I Think Clive Crook Is Right and Wrong...
links for 2007-11-26

Teresa Nielsen Hayden Moderates BoingBoing!

Don't try this at home, kids. Watch a skilled professional at work:

Fox News Porn - the prurience of prigs - Boing Boing: #37 POSTED BY TERESA NIELSEN HAYDEN / MODERATOR , NOVEMBER 19, 2007 8:03 AM: Yo, Moonbat: If you're so smart, how come you can't remember who takes the vowels out of rude comments?

Nelson.C: These days, Realcatholicman, BB's comments sections are filled with twits trying to prove how politically-motivated every post that mentions Fox, or copyright, or voting machines, etc. In other words, the same stuff that BB has always been interested in.

Yes!

Boing Boing's a high-visibility weblog. There are a lot of sullen, disappointed right-wingers out there who miss the old days, when they had jolly times smashing the shop windows of the early liberal blogosphere. Some of them are fixated on Boing Boing as the uppity liberal enemy that must be suppressed.

This is middling bizarre of them, seeing as how Boing Boing isn't primarily a political weblog. It's very effective at focusing on the political issues it does pursue, but it isn't all politics all the time. I suspect that's what actually brings in the wingnuts: unlike weblogs like Firedoglake or Hullabaloo or Daily Kos, Boing Boing's entries can be understood (more or less) by someone who isn't up on current events, and who never learned the song about how a bill becomes a law.

(I think that's why we have so much trouble with commenters who misunderstand Cory's take on the realities of copyright law. As a rule of thumb, just about everyone thinks they're an expert on art, sex, traffic laws, popular music, and copyrights, and just about everyone is mistaken. I can't vouch for their adherence to the rest of the rule, but when it comes to copyrights, these guys are definitely not an exception.)
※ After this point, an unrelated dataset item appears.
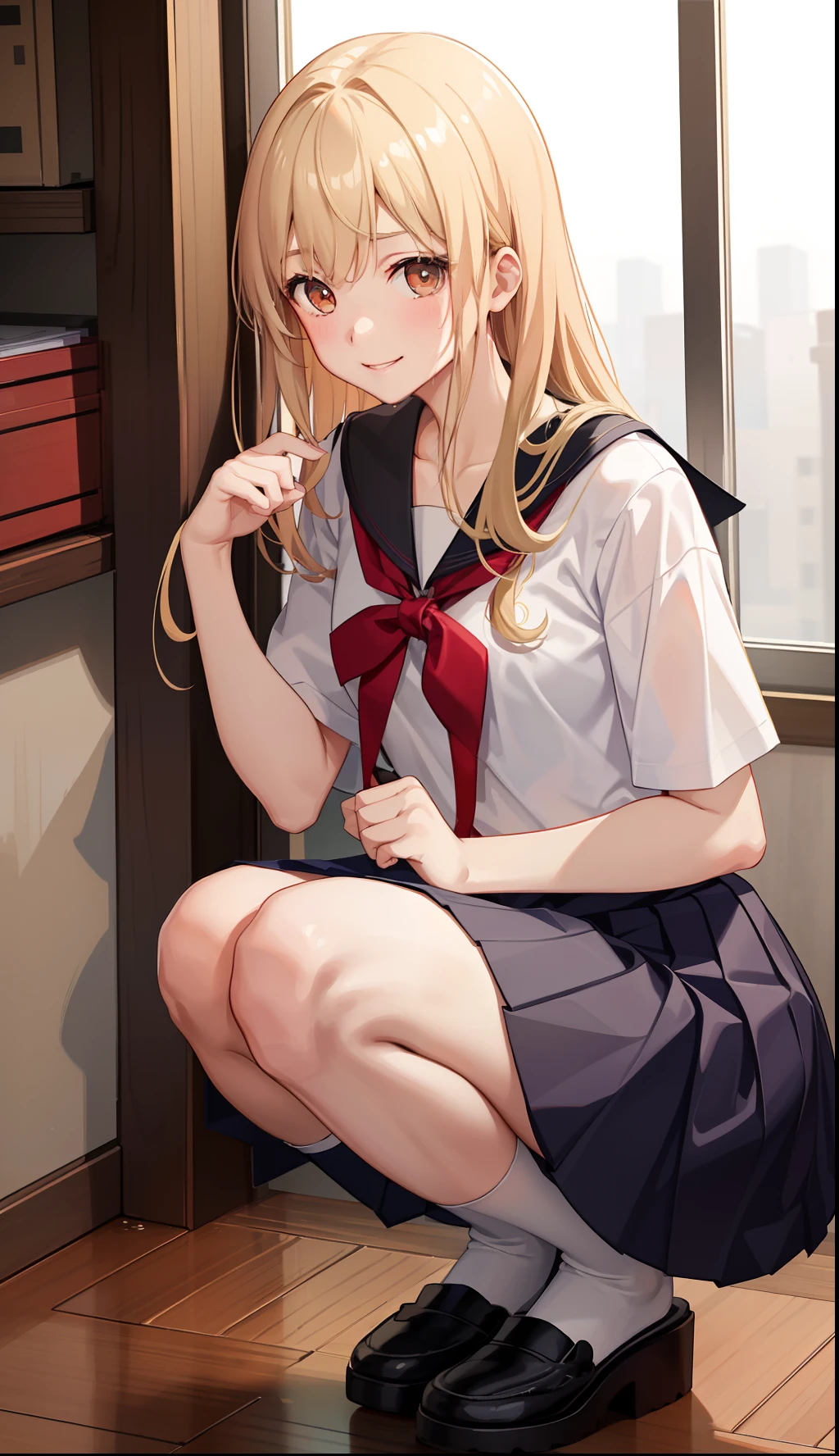 1girl in、A smile、The shirt、skirt by the、(small tits)Chilarism、Japan High School Student Uniform、serafuku、summer clothing、Squall Drenched Uniform、(Sheer Bra)、Upper body portrait、blonde hair、Squatting panchira、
If you want to see how much they distort the local discourse, look at the difference between a thread on global warming and one on some other complex scientific subject. These guys get their talking points dished out to them by the source feed right-wing weblogs. This means that if global warming comes up, they swarm the comment thread because they know something they can say. But if an entry's about some scientific development that isn't covered in their spoon-fed talking points, they're at a loss, and so that thread will instead be full of science buffs discussing the actual entry.

And what kind of insult is "politically-motivated" anyway? Is it illegal in Bush's America to have a political opinion? If the politics here offend you so much... go somewhere else.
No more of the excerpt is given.